That video game artists are becoming more and more capable of emulating these other modes of narrative storytelling is technically astounding, but considering the potential to generate new and unique formats from these borrowed techniques, mere emulation is not impressive. Storytellers throughout history have succeeded at depicting fixed narratives, in lieu of making something dramatic happen and in a variety of ways. Video games push storytelling even further, offering genuine simulations of causal events. They can be approximations of what it is to exist within indeterminate stories, to gain a better understanding of how they unfold, better than what is possible from passive observation. Currently, however, video games neglect to explore these possibilities and this is dissatisfying.

An early milestone in the evolution of video game narratives was the transition from lo-res raster images and text to fully cinematic sequences with sets, stunts, choreography, acting, lighting, and cameras. During this maturation period, both players and storytellers developed a new understanding of and taste for the medium. Proper terminologies developed from critical discussions, and the discourse on gaming technology commenced. Today, it would seem that video games have long surpassed that initial nascent era, given the proliferation of games that are examined within academic and artistic contexts. Now, serious exploration of new conceptual frontiers has not only been proven possible, but also necessary if video games are to continue evolving into a more respectable and culturally significant artistic medium.

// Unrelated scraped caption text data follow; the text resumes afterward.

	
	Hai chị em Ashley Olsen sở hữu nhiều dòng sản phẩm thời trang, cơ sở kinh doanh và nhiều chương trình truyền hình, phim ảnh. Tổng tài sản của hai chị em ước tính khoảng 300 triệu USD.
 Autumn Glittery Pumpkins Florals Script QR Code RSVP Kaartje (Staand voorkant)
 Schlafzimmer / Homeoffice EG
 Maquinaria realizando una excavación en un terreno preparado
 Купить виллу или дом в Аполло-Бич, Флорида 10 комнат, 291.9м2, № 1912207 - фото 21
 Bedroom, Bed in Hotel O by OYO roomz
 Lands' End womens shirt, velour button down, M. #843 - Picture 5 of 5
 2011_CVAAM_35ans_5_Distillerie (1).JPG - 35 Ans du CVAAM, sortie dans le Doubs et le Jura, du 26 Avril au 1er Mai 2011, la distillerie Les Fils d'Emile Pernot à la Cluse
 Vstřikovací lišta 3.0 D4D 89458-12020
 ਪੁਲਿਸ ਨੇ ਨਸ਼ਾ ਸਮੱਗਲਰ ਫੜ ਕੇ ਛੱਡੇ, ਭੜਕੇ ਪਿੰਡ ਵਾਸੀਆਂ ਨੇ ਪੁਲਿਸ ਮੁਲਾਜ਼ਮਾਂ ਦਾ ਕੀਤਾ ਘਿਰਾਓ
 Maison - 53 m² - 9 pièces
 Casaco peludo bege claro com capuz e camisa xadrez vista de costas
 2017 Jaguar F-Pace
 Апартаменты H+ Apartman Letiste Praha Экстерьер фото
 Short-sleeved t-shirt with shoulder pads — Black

Confronting video games as more than a compilation of elements from other established modes of storytelling raises the more complicated issue of defining those frontiers that are worth exploring. Genuine simulations are one possible area of games worth exploring, and among the most straightforward; they are a logical progression from storytelling, given the opportunities granted by new technologies, such as real-time interactive virtual cameras. Interactions between player-characters and non-player-characters, even those that are hard coded–that is, those that occur for every player that experiences the game–are immensely more effective than interactions observed. To see a story element carried out onscreen details the natures of characters and sets precedents for the relationships between interacting parties. If a character involved is an avatar, a player-character, then the act that results ultimately happens due to the decisions that player has made that have, in turn, brought their avatar to a particular point in the game.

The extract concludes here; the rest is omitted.